Problem details =>
Line by line, print the records exactly as they are, dropping the pictures.

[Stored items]
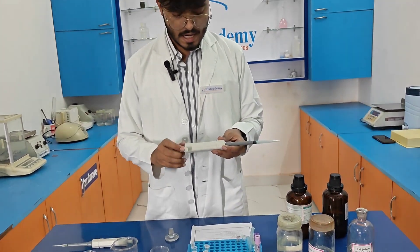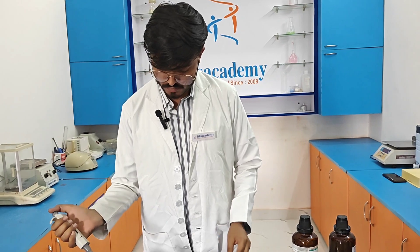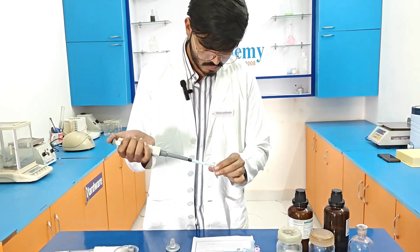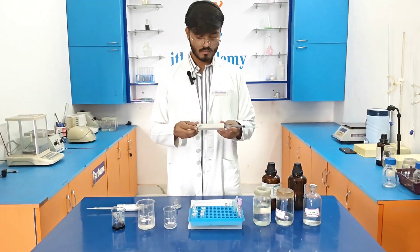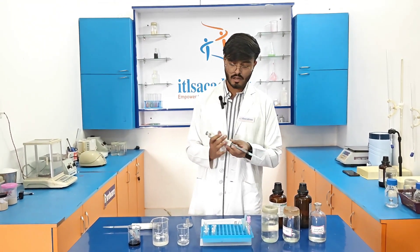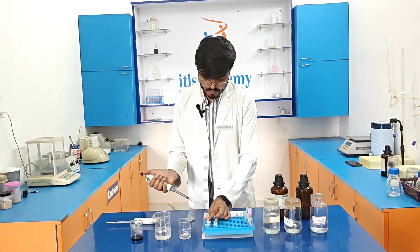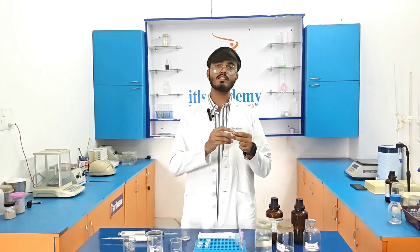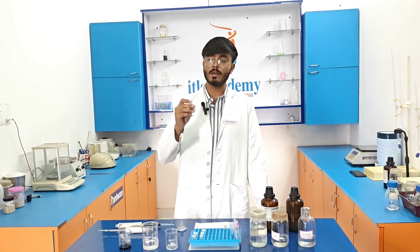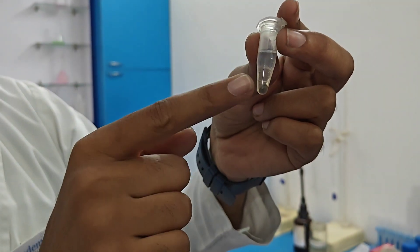Now I am adding 300 µl of distilled water, followed by 400 µl of the chloroform and phenol mixture. After adding all these reagents, we need to centrifuge again at 11,500 rpm for 10 minutes. After centrifugation, you can see in the eppendorf that two layers are observed.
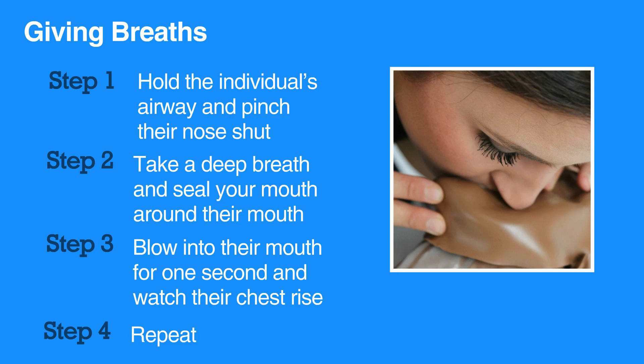If the chest doesn't rise, reposition the airway. Let their head go back to a normal position and then repeat the head tilt chin lift maneuver. Then give another breath and watch for the chest to rise.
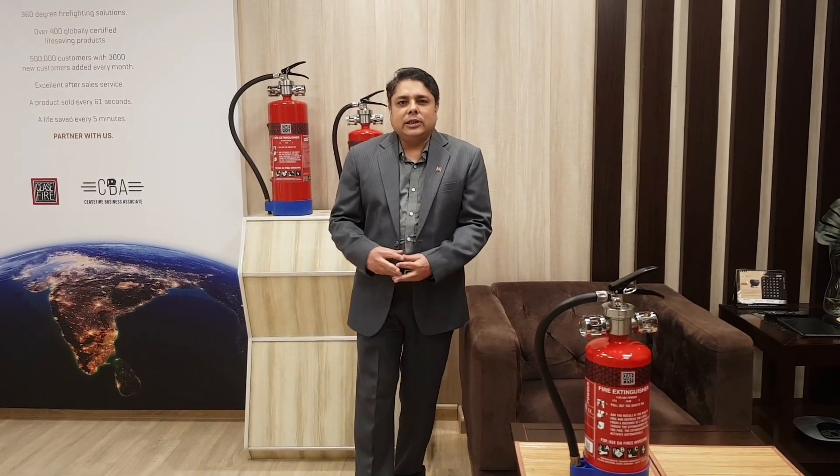Hello viewers, welcome to another session at Ceasefire. Today I have got a magnificent product from the bouquet of Ceasefire — the Ceasefire launcher.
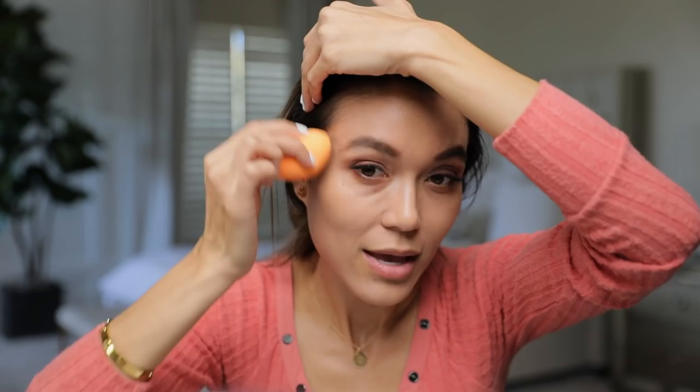Once I'm done dabbing all around, I'm going to grab my primer — the one I showed you first. Let me grab it — it says 'minimize pores.'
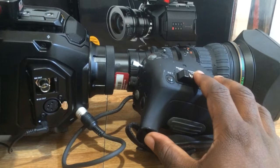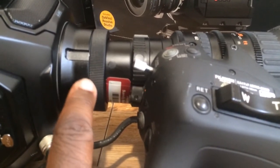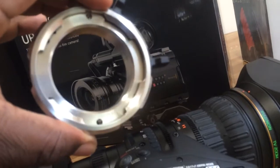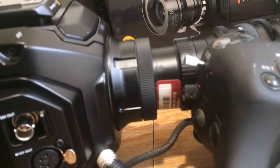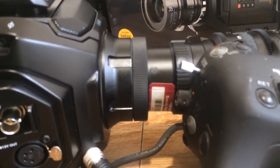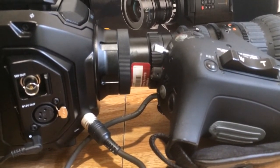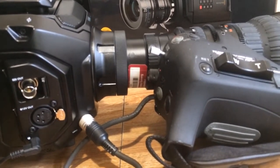That's the first thing you're not going to find. The second thing is: when putting together — this is a PL mount originally. When you're putting on the B4 mount, you need a torque wrench. Do not mix that up with a Torx wrench — Torx and torque wrench are two different things. In the notes section below, you'll see an Amazon link for a torque wrench. You want one that's 0.45 newtons.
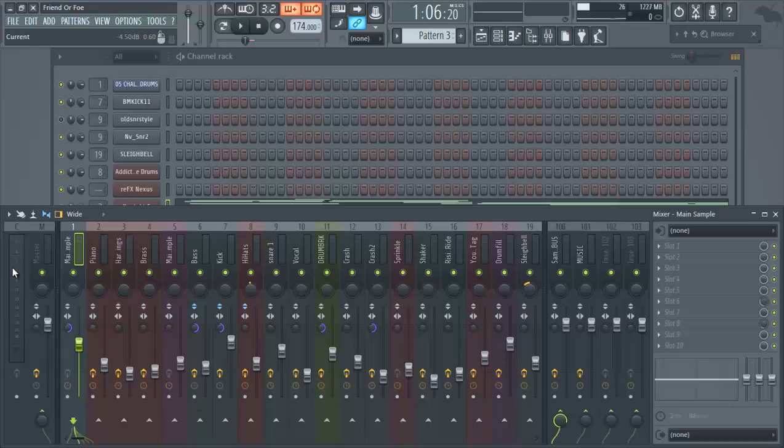Welcome to beatmajors.net. We're back with part two today, which is going to be on stereo enhancement. If you're just tuning in, this is a three-step series called 'Three Easy Steps to Mastering Your Beats.' The last video, part one, covered headroom, so today we're going to talk about stereo enhancement.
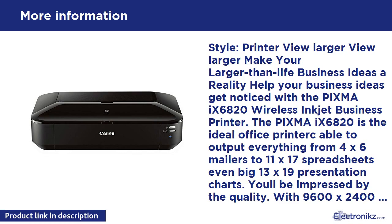Make your larger-than-life business ideas a reality. Help your business ideas get noticed with the PIXMA IX6820 Wireless Inkjet Business Printer. The PIXMA IX6820 is the ideal office printer, able to output everything from 4x6 mailers to 11x17 spreadsheets, even big 13x19 presentation charts. With 9600x2400 maximum color DPI, it delivers exceptional printing detail, and with 5 individual ink tanks you'll get amazing color.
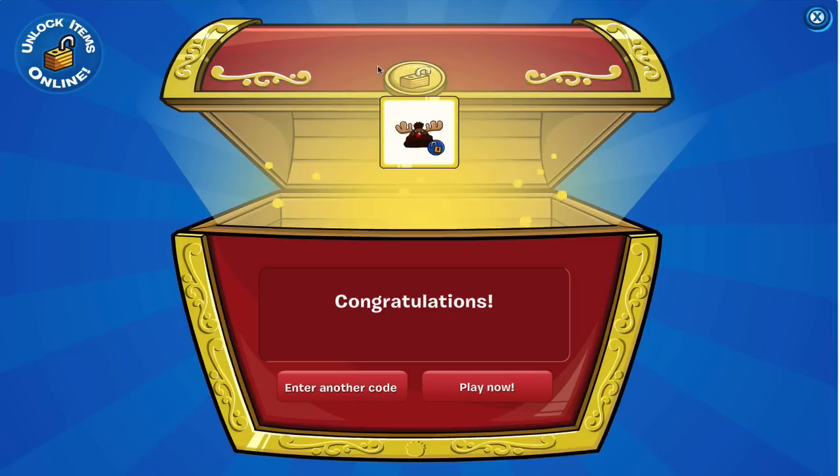So you're going to get this cool thing and I believe it's called the Horniman hat. So we're going to click play now.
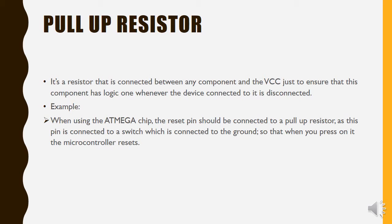So this was a brief explanation for the pull-up resistors and the pull-down resistors. Thanks a lot guys for watching, please stay tuned for the next tutorial. Have a nice day!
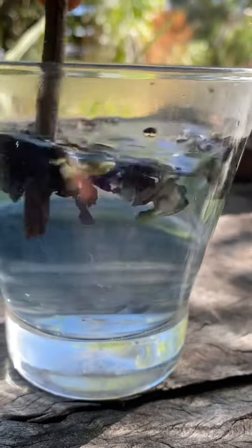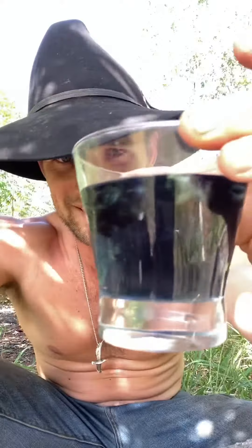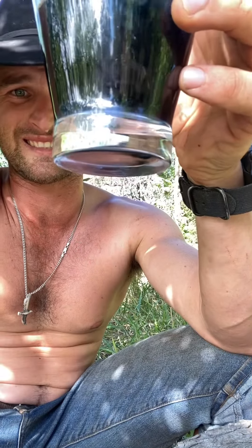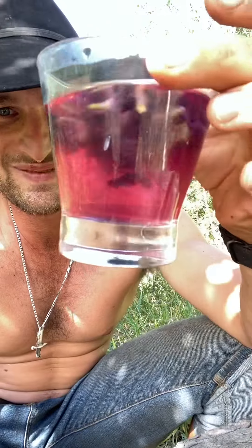The color will slowly start to change. Look at that — wow — slowly starting to change and release all its color. It's getting darker and darker. Look at that, that is nice and dark. I can see that color — it's really bluey purple. This is where the magic happens. We let it stir. Look at that — beautiful tea.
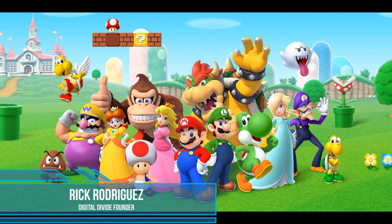Hey, what's up guys? It's Rick with the Digital Divide. Today we're talking about Nintendo — the Nintendo Wii specifically. It's such a great and underrated system in my opinion.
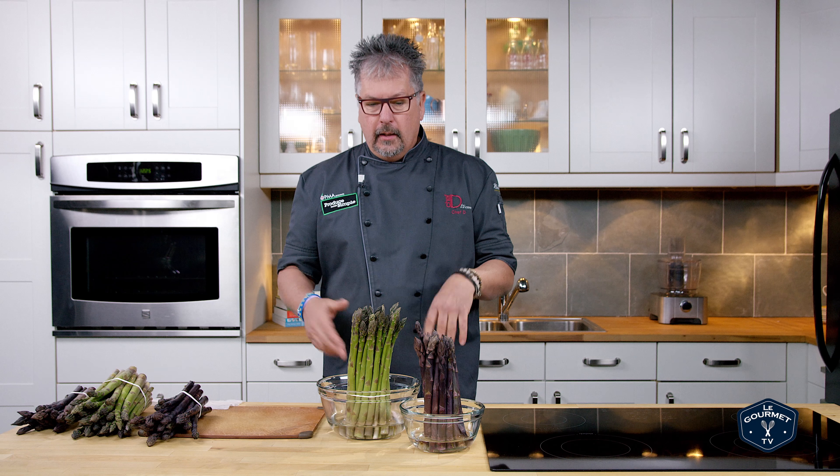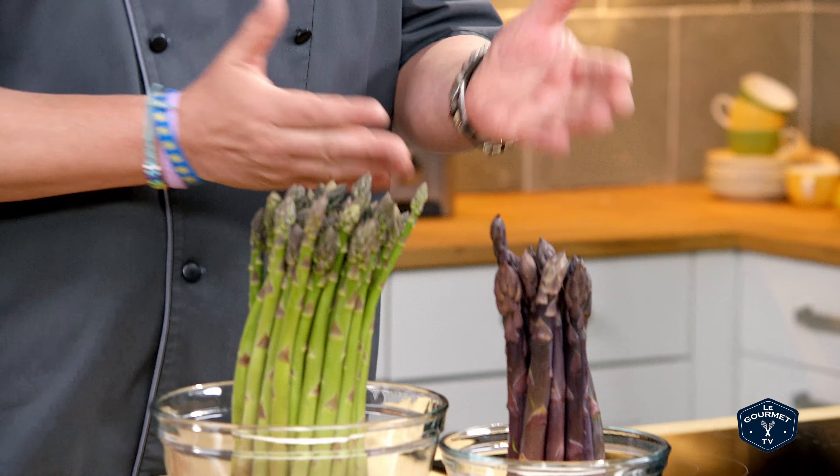Hi, I'm Chef D and today is all about asparagus. We're gonna teach you how to store it, what you're looking for, and even how to cook it.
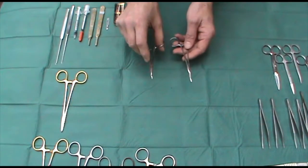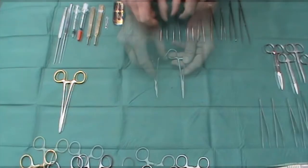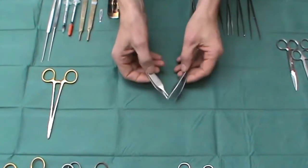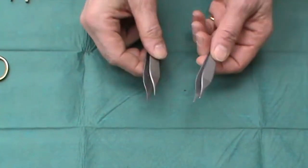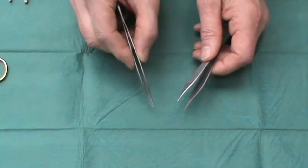Mosquito forceps are also very useful for holding on to bleeding blood vessels whilst you prepare to sort them out. When using tissue forceps, my favourites are these reusable, very delicate Adson forceps — toothed and non-toothed. The teeth are very fine and very delicate on the skin.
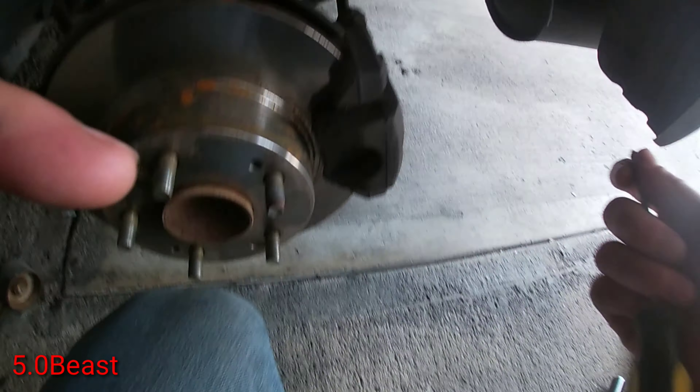Once you take those out it should just pop off. Oh, and there's another one — don't forget this screw right here. Looks like it's a 10 millimeter. Yep, it's a 10.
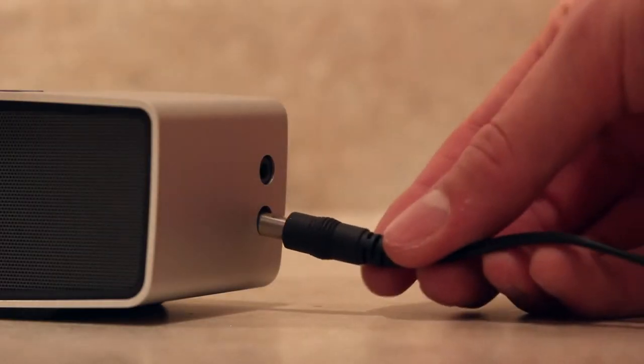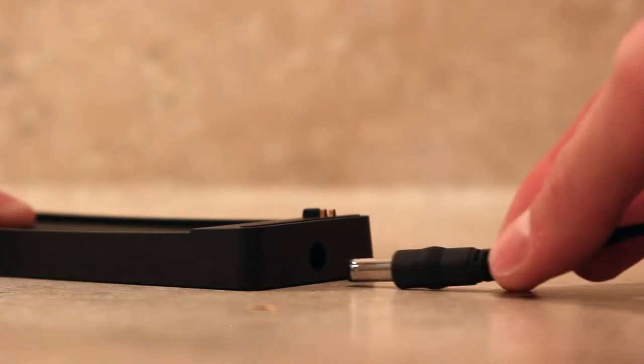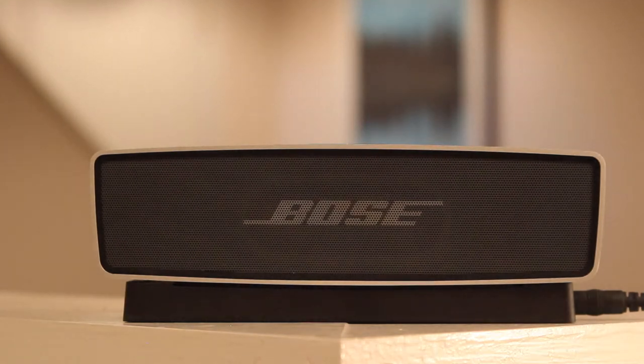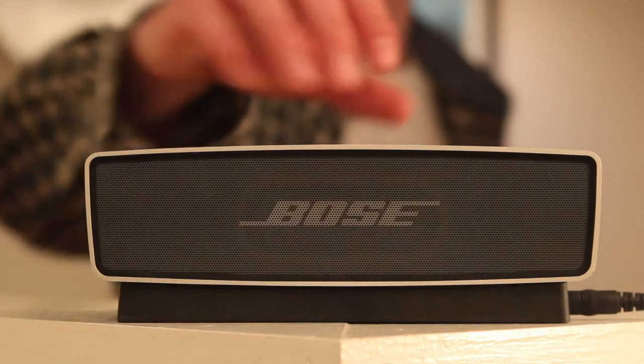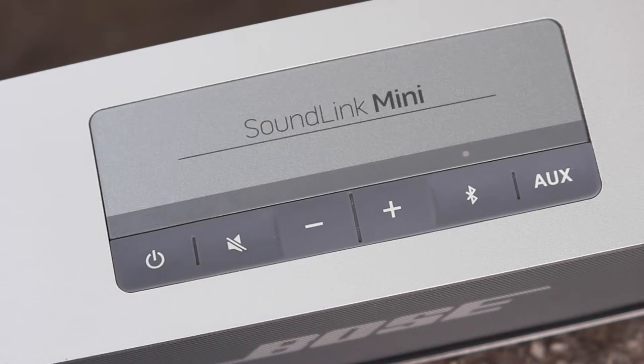You can charge the speaker by either plugging the power cord directly into the speaker, or by plugging the power cord into the charging dock and simply resting the speaker on top. The charging dock is an excellent accessory, as it allows you to easily set the speaker down when it needs juice, or quickly grab it when you're on the go. Bose claims the speaker takes about 3 hours to charge and provides about 7 hours of audio playback on a full battery.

Result of the task =>
Now I am adding 300 µl of distilled water, followed by 400 µl of the chloroform and phenol mixture. After adding all these reagents, we need to centrifuge again at 11,500 rpm for 10 minutes. After centrifugation, you can see in the eppendorf that two layers are observed.
If the chest doesn't rise, reposition the airway. Let their head go back to a normal position and then repeat the head tilt chin lift maneuver. Then give another breath and watch for the chest to rise.
Hello viewers, welcome to another session at Ceasefire. Today I have got a magnificent product from the bouquet of Ceasefire — the Ceasefire launcher.
Once I'm done dabbing all around, I'm going to grab my primer — the one I showed you first. Let me grab it — it says 'minimize pores.'
That's the first thing you're not going to find. The second thing is: when putting together — this is a PL mount originally. When you're putting on the B4 mount, you need a torque wrench. Do not mix that up with a Torx wrench — Torx and torque wrench are two different things. In the notes section below, you'll see an Amazon link for a torque wrench. You want one that's 0.45 newtons.
Welcome to beatmajors.net. We're back with part two today, which is going to be on stereo enhancement. If you're just tuning in, this is a three-step series called 'Three Easy Steps to Mastering Your Beats.' The last video, part one, covered headroom, so today we're going to talk about stereo enhancement.
Make your larger-than-life business ideas a reality. Help your business ideas get noticed with the PIXMA IX6820 Wireless Inkjet Business Printer. The PIXMA IX6820 is the ideal office printer, able to output everything from 4x6 mailers to 11x17 spreadsheets, even big 13x19 presentation charts. With 9600x2400 maximum color DPI, it delivers exceptional printing detail, and with 5 individual ink tanks you'll get amazing color.
So you're going to get this cool thing and I believe it's called the Horniman hat. So we're going to click play now.
So this was a brief explanation for the pull-up resistors and the pull-down resistors. Thanks a lot guys for watching, please stay tuned for the next tutorial. Have a nice day!
The color will slowly start to change. Look at that — wow — slowly starting to change and release all its color. It's getting darker and darker. Look at that, that is nice and dark. I can see that color — it's really bluey purple. This is where the magic happens. We let it stir. Look at that — beautiful tea.
Hey, what's up guys? It's Rick with the Digital Divide. Today we're talking about Nintendo — the Nintendo Wii specifically. It's such a great and underrated system in my opinion.
Hi, I'm Chef D and today is all about asparagus. We're gonna teach you how to store it, what you're looking for, and even how to cook it.
Mosquito forceps are also very useful for holding on to bleeding blood vessels whilst you prepare to sort them out. When using tissue forceps, my favourites are these reusable, very delicate Adson forceps — toothed and non-toothed. The teeth are very fine and very delicate on the skin.
Once you take those out it should just pop off. Oh, and there's another one — don't forget this screw right here. Looks like it's a 10 millimeter. Yep, it's a 10.
You can charge the speaker by either plugging the power cord directly into the speaker, or by plugging the power cord into the charging dock and simply resting the speaker on top. The charging dock is an excellent accessory, as it allows you to easily set the speaker down when it needs juice, or quickly grab it when you're on the go. Bose claims the speaker takes about 3 hours to charge and provides about 7 hours of audio playback on a full battery.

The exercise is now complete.